Chapter 2 Self Psychology and Intersubjectivity Theory

Jeffrey L. Trop, M.D.

The purpose of this chapter is to compare and contrast the clinical theories of self psychology and intersubjectivity. Self psychology and intersubjectivity theory are often seen as synonymous or on a continuum. There are broad and extremely important similarities between the two theories, but there are also important differences between them that have significant clinical implications.

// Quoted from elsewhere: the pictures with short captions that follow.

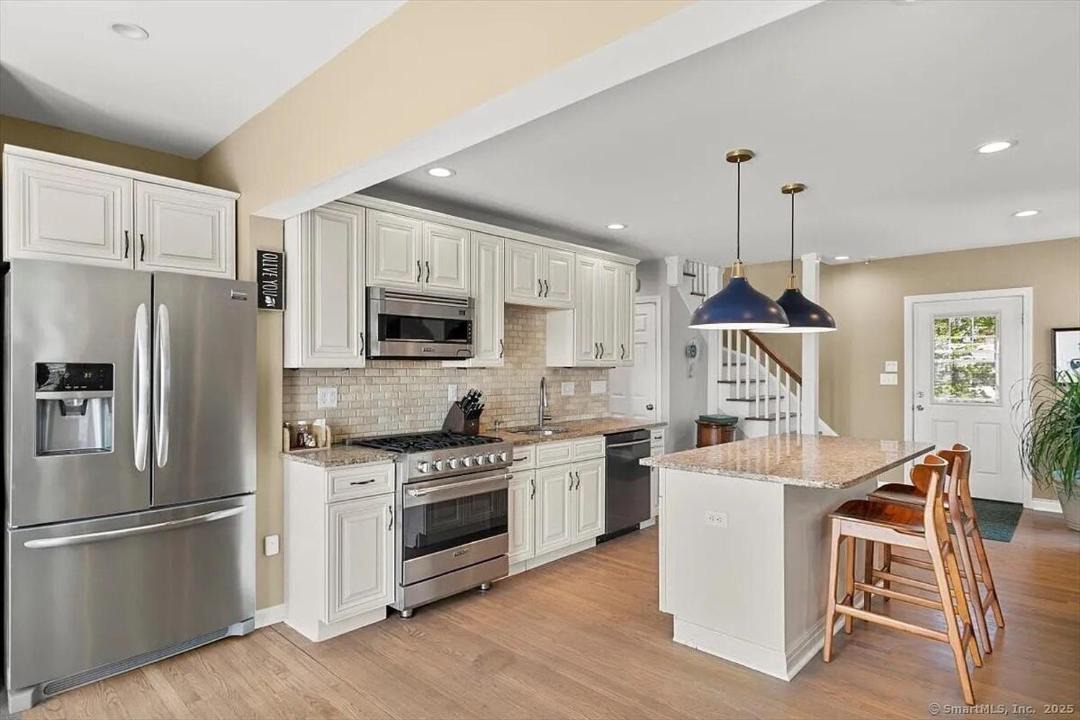 Photo of Others in East Shore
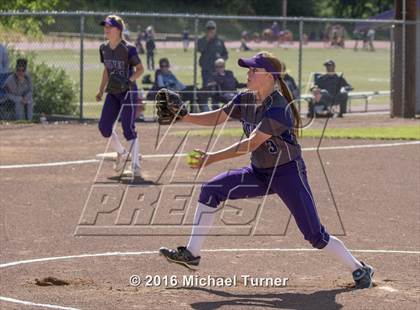 Thumbnail 2 in Shasta @ Red Bluff photogallery.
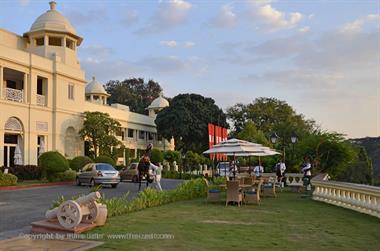02 Hotel_Laxmi_Vilas_Palace,_Udaipur_DSC4266_b_H600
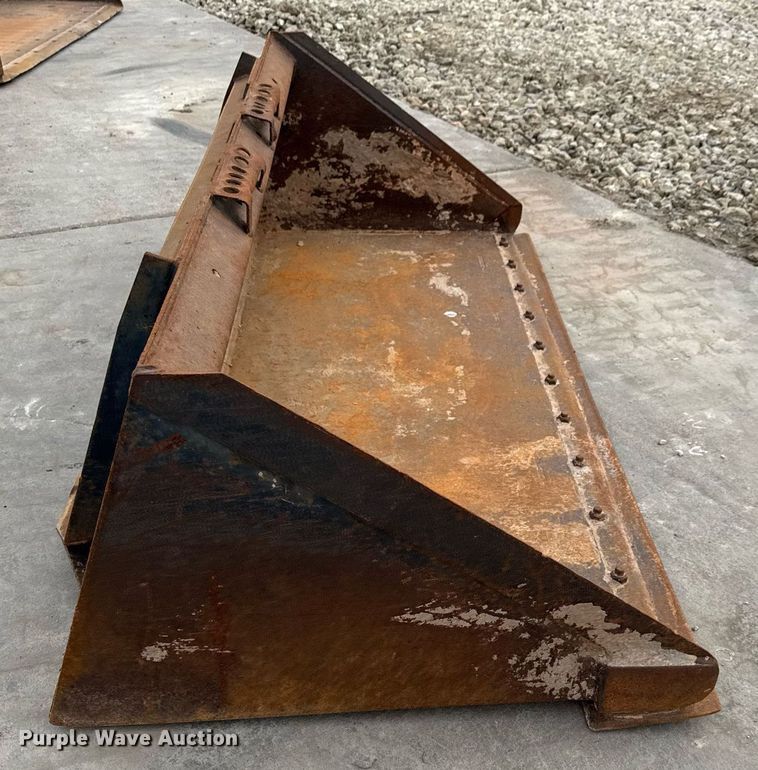 image for item EQ1178 Melroe 66 Low Profile skid steer bucket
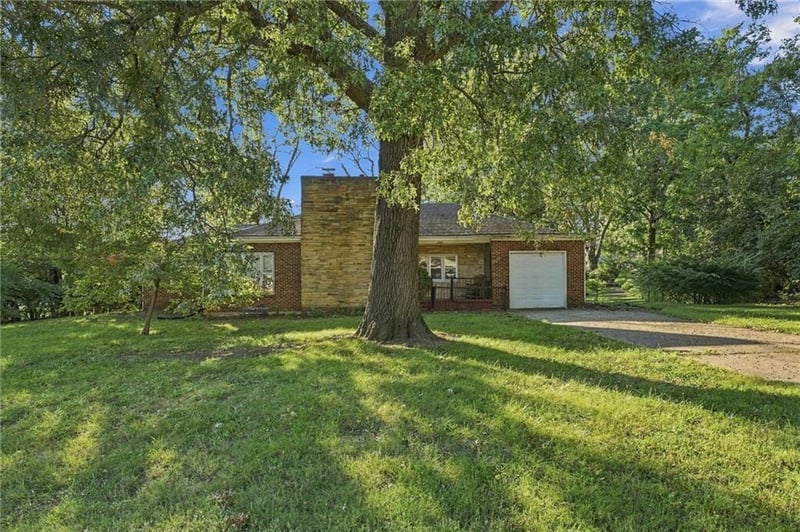 8614 Evanston Ave, Raytown, MO 64138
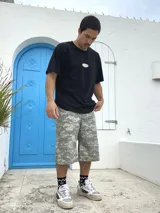 Bermuda corte ancho con estampado camuflado pixelado.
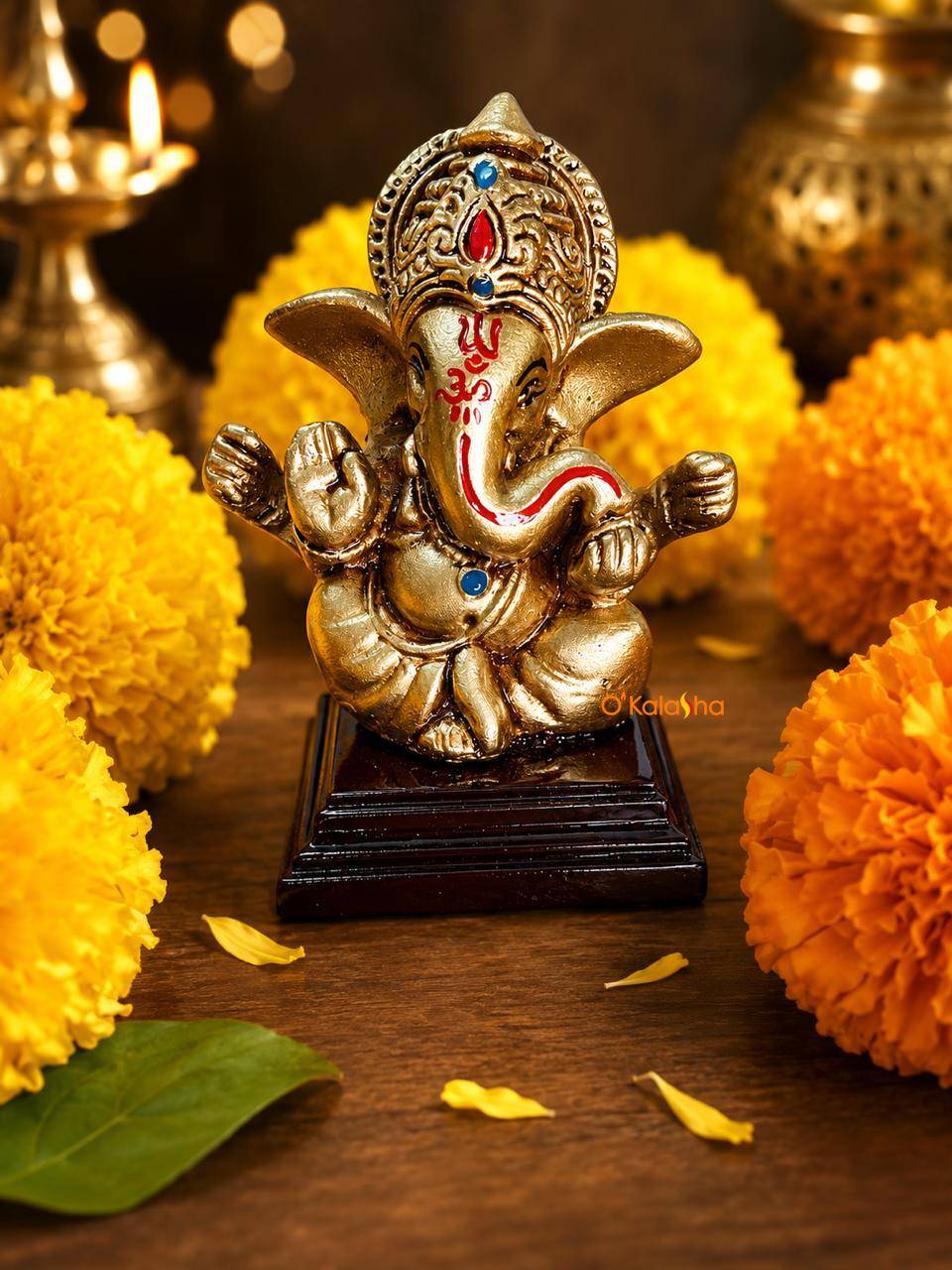 O Kalasha Premium Car Dashboard Ganesha Idol – 8cm Antique Gold Finish Lord Ganesh Statue for Car, Desk & Mini Mandir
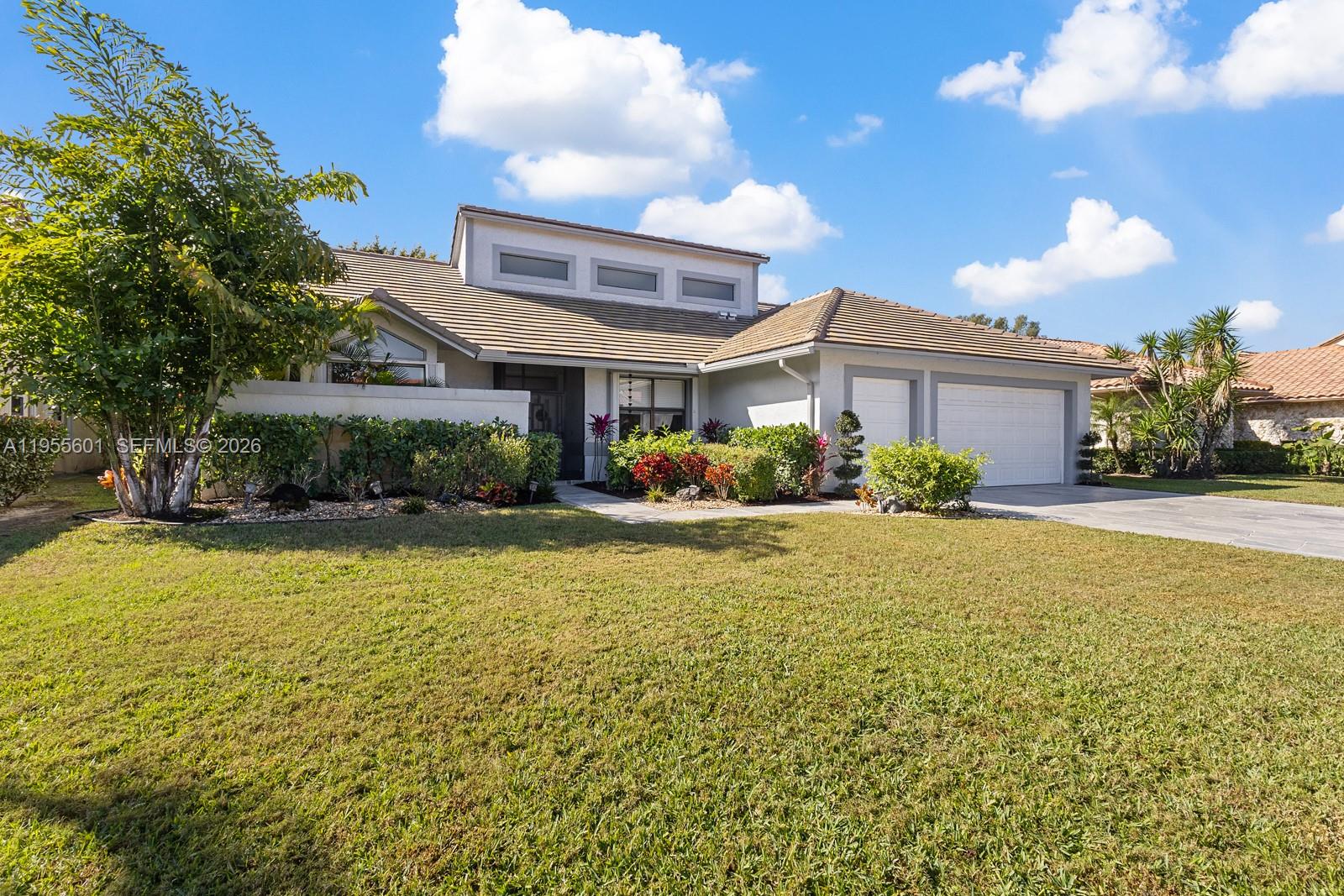 10122 Canoe Brook Circle Boca Raton, FL 33498 - Photo 2 of 37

Self psychology and intersubjectivity theory stand together in that both are relational theories and both reject the concept of drive as a primary motivational source. Also, both theories use the stance of empathy and introspection as a central guiding principle. However, the motivational theories of self psychology and intersubjectivity theory differ significantly. The motivational theory of self psychology is centered in the concept of the selfobject. In two significant review papers, entitled The Selfobject Theory of Motivation and the History of Psychoanalysis and Selfobjects and Selfobject Transference: Theoretical Implications, Basch (1984a, b) summarizes the centrality of the selfobject concept for self psychology. In the second paper, describing Kohut's discovery of selfobject transferences, he states:

Together he called them selfobject transferences, differentiating them from object-instinctual transferences, and indicating that they represented aspects of the development of the self…. Indeed, he found that the interpretation and resolution of the selfobject transferences did not lead to formation and resolution of an oedipal transference and then to object love, but to a maturation in the area of ambition and ideals that left the patient free … to lead a life that was satisfying and meaningful to him or her [p. 25].